Asked why Obama had decided to hold the reception, White House spokesman Matt Lehrich told The Associated Press that the Obamas wanted to celebrate Jewish Americans' contributions to the nation's history and culture. "The reception also offers a chance to foster partnership, collaboration, and education in the spirit of Jewish American Heritage Month," Lehrich said.
Daroff himself isn't on the guest list, and he says that's logical. "This event is less about those of us in the Beltway," he says, "and more about the folks out there living the Jewish experience, and breaking down barriers."
So who else is invited? "This could be interesting, seeing what the mix looks like," says Abraham Foxman, national director of the Anti-Defamation League, who said he's not on the list.
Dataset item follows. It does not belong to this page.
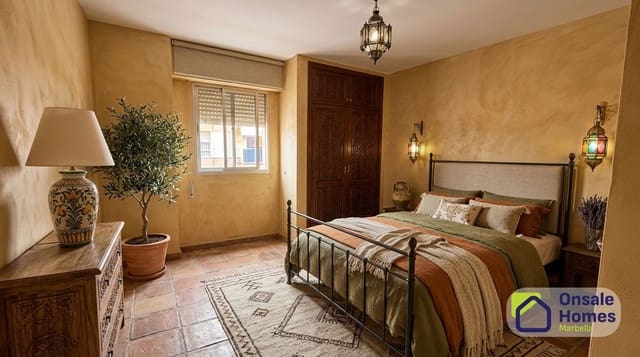 4 sovrum Lägenhet till salu i Zona Miraflores, Marbella med garage - 375 000 € (Ref: 10074687)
Or, put another way: "Adam Sandler could write a whole new Hanukkah song after this party," quips Steve Rabinowitz, a Washington public relations executive, referring to the popular song pointing out famous Jewish Americans.
Someone who probably wouldn't make the song is Rabbi Marc Schneier of New York. He leads two Orthodox congregations and spoke at the 2008 Democratic convention.
But he believes he was invited because of his outreach work to the Muslim community, as president of the Foundation for Ethnic Understanding. He's also been active in furthering ties with the black community.
"Our work is very much in concert with President Obama's agenda," says Schneier.
A past guest at the White House Hanukkah party, Schneier says this event has a whole different feel to it.
"This is quite unique," he says. "It's more exotic than the usual White House event."
"Listen, anytime there's a first in Washington, it's a big deal," he says.